Given material -
···

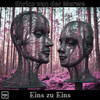 Eins zu Eins - Enrico van der Merwe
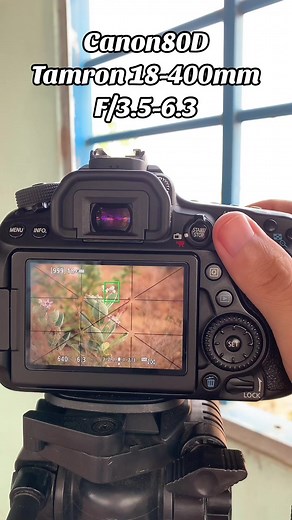 Canon 80D Camera Settings and Photography Tips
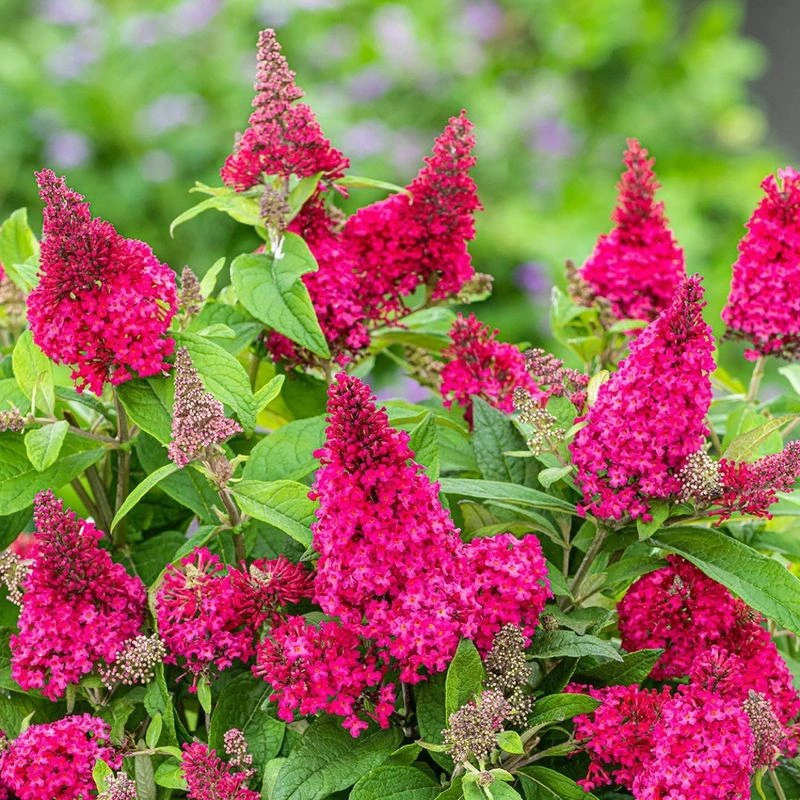 Butterfly Bush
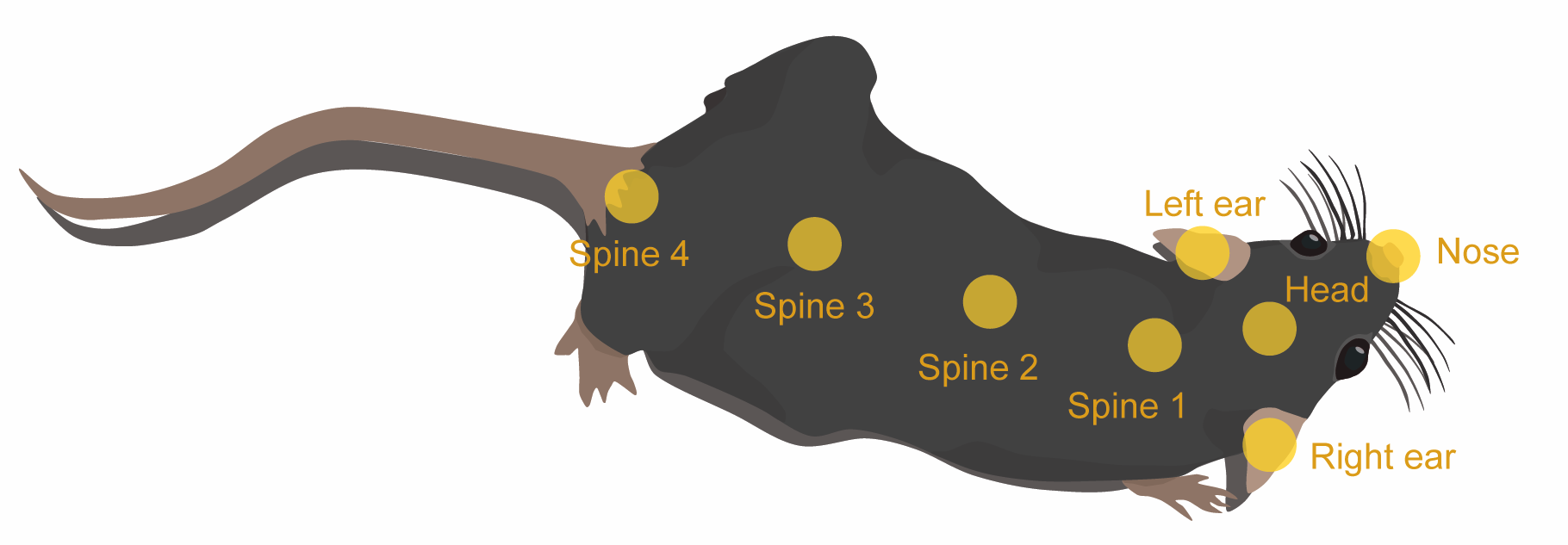 Mouse body part annotations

···

What you should do - Please print everything in the material exactly, apart from the pictures.

Worked solution -
 Eins zu Eins - Enrico van der Merwe
 Canon 80D Camera Settings and Photography Tips
 Butterfly Bush
 Mouse body part annotations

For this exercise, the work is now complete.